Thu
6
Dec
Lindau,
Germany
On paper, Liechtenstein is utterly beguiling. Apart from its aforementioned surprising world-leading denture industry, I’d also read the thirty-five thousand strong country (just a shade more than my own one-horse hometown) was ruled by a meddling Prince (no, not the singer formerly known as) who lived in a castle high on a hill above the capital. In my mind there was no doubt that he had a huge telescope installed in a tall tower to spy on them. Apparently in recent years the Prince had been attempting to increase his powers over the democratic state. Quite what powers he wishes to wield over such a minnow of a nation, I don’t know - perhaps the right to go straight to the front of the queue in the baker’s?
Reading such fanciful stories had me intrigued, and gave me high hopes for Liechtenstein. I had fully expected - and readied myself for - a vibrantly colourful, over-touristed theme park of a country, full of rosy-cheeked locals pottering about Hansel and Gretel houses all hamming up the country’s unique history for the tourist dollar, another vital pillar of its economy.
How utterly disappointing the reality was. Vaduz was actually a bland strip of Soviet-chic concrete buildings with a featureless pedestrian district as its “centre”. There was no colour, no decoration and absolutely no character to the place aside from its location in a green valley flanked by mountains, but I’d recently cycled through far more attractive examples in Switzerland that weren’t filled by factories churning out chewing tools for the fluoride impaired.

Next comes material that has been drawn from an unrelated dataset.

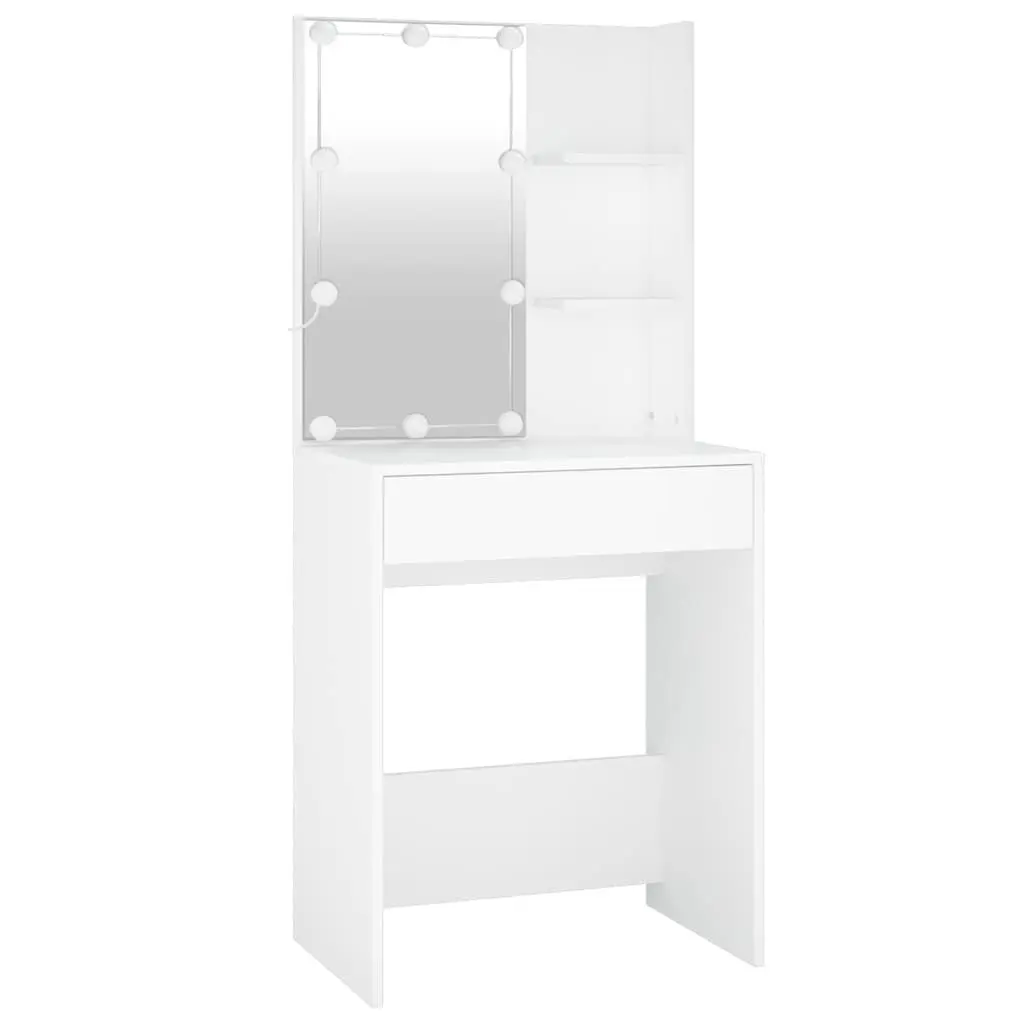LED Dressing Table with Cabinet White Bedroom Vanity Mirror Storage Makeup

In its defence, it’s an impossible task to hide your industry in a country in which you can see from side to side. And I did visit in low season, which might mean the tourist bells and whistles I had expected were safely packed away in boxes. Yet I’d be reluctant to recommend a visit to Liechtenstein unless you happen to be in the area, or so I mused as I passed by the “castle” up on high - little more than a
big house (being renovated by a bigger crane). Carrying on northwards, I cycled up and out of the country’s border - not planning on returning any time soon - and into Austria.The first town I reached inside Austria was everything I had expected Vaduz to be: cobbled streets weaving round a central clock tower with a colourful dial, wonky houses and a general hubbub of people - in short, character. Passing through, I continued to shadow the Swiss border just inside Austria, close to passing back into Switzerland at one point given the customs signs, cycling through mainly industrial areas and retail parks. The rain paid a visit but didn’t last for long. I finally hit my groove after struggling initially and was very glad to reach the top of a hill to see the Bodensee - aka Lake Constance - stretching out far below. There lay my destination, and the fourth country in which I would cycle in twenty-four hours: Germany.

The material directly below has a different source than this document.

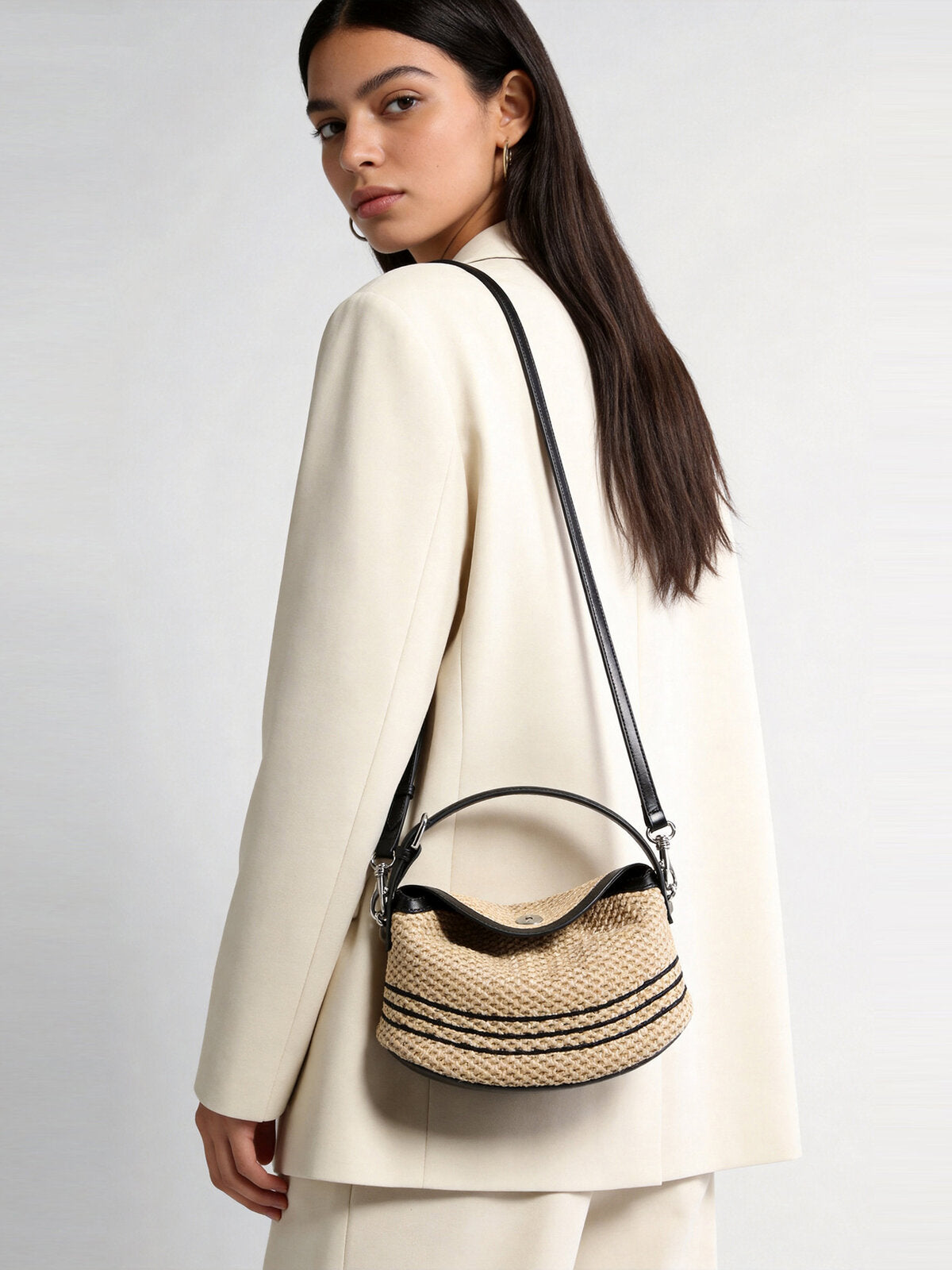 Striped Woven Straw Hobo Bag - Natural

I freewheeled all the way down the hill and straight into a Christmas market in full swing, thinking it rude not to stop for a quick mug of mulled wine and bratwurst sausage. I figured I was still in Austria, but it was a close call. Whilst the people no doubt knew, I doubt whether they felt particularly strongly about it. Land border areas are strange melting pots with a hodge-podge mix of nationalities and dialects; I saw cars with Swiss, Austrian and German licence plates pass by.
Just over the river,
this sign confirmed the Weihnachtsmarkt had indeed been on Austrian territory, but that from now on it was Germany all the way.The last push saw me looping around the north shore of the Bodensee until I hit the island city of Lindau, my chosen place to overnight. Continuing the trend, its hostel was closed, but Tourist Information kindly linked me up with a cheapy room in a local guesthouse.

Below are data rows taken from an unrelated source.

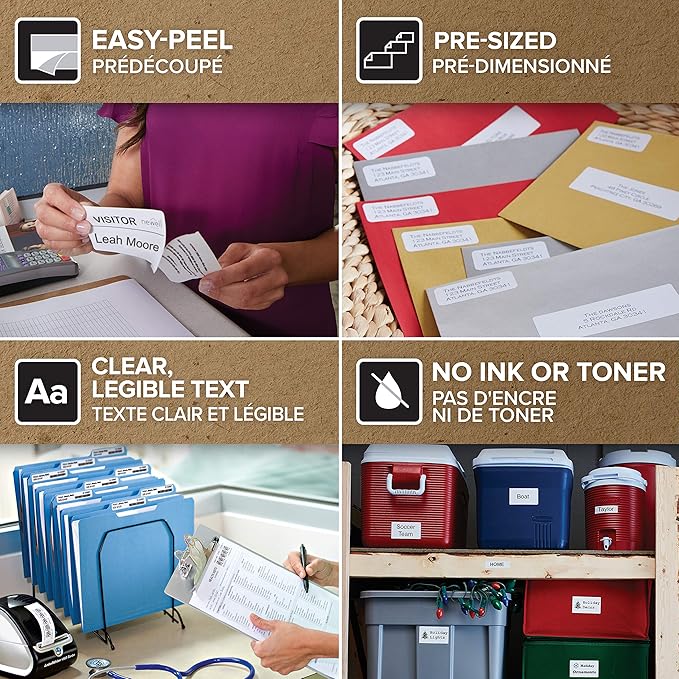 DYMO LW Address Labels, 28mm x 89mm, 24 Rolls of 130 Easy-Peel Labels (3120 Labels), Self-Adhesive, for LabelWriter Label Makers, Authentic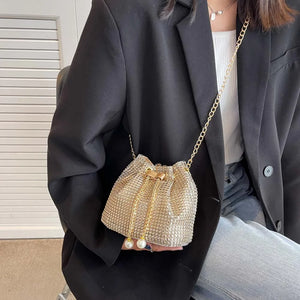 Rhinestone Bucket Handbag for Women Wedding Party Shoulder Bag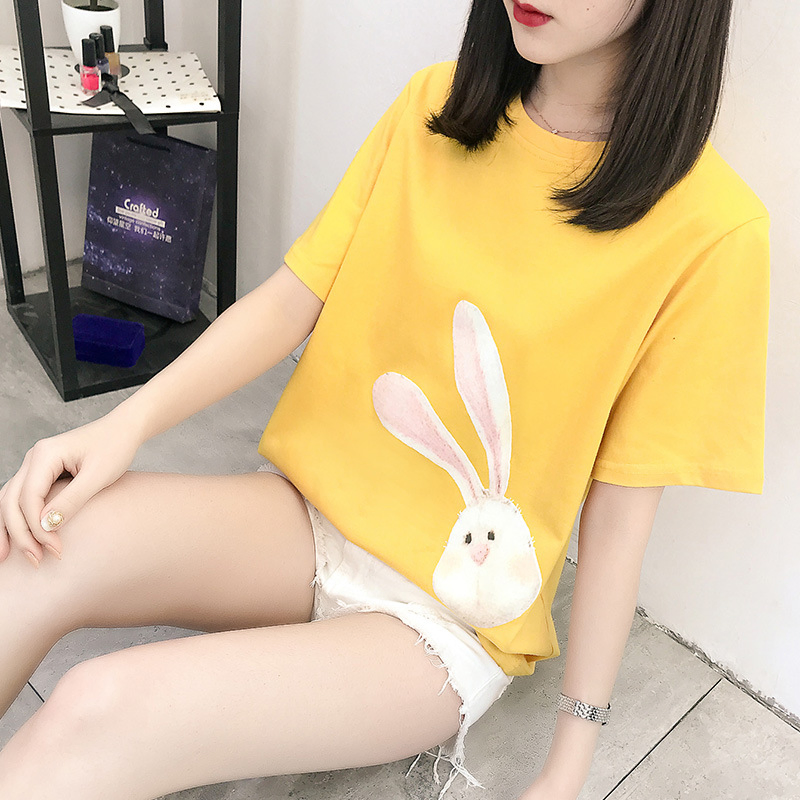 Blusas casuais femininas de impressão adorável de coelho, estilo coreano, feitas na China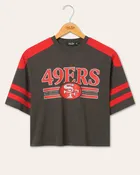 49ers Bling Striped Crop Tee
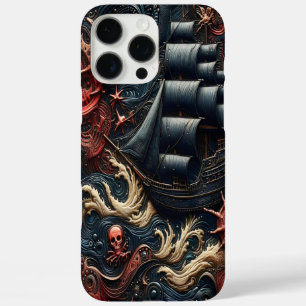 Funda iPhone 16 Pro Max Aventura Náutica Oscura con Barco Pirata y Olas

Biking round there, the beaming, chuckling old landlady, Frau Weber, welcomed me like an old friend. Despite the stereotype of Germans being somewhat more formal than other nations (which certainly rings true, just in certain situations), from my limited experience I hold them to be among the most hospitable people in Europe - especially those in southern Germany.
After a sneaky little kip I slipped out to explore Lindau at nightfall. Its attractive cobbled streets seemed reasonably dead until I stumbled upon what seemed to be the entire population letting their mullets down at their very own Christmas market down by the lake, with music playing and stalls selling all manner of food, drink and knick-knacks. There is something about Germany that makes the festive season feel extra-Chrismassy, a certain je ne sais quoi - or should that be ich weiss nicht? - that underlines it still as a genuine time for celebration rather than the relentless commercial onslaught it seems to have turned into back home.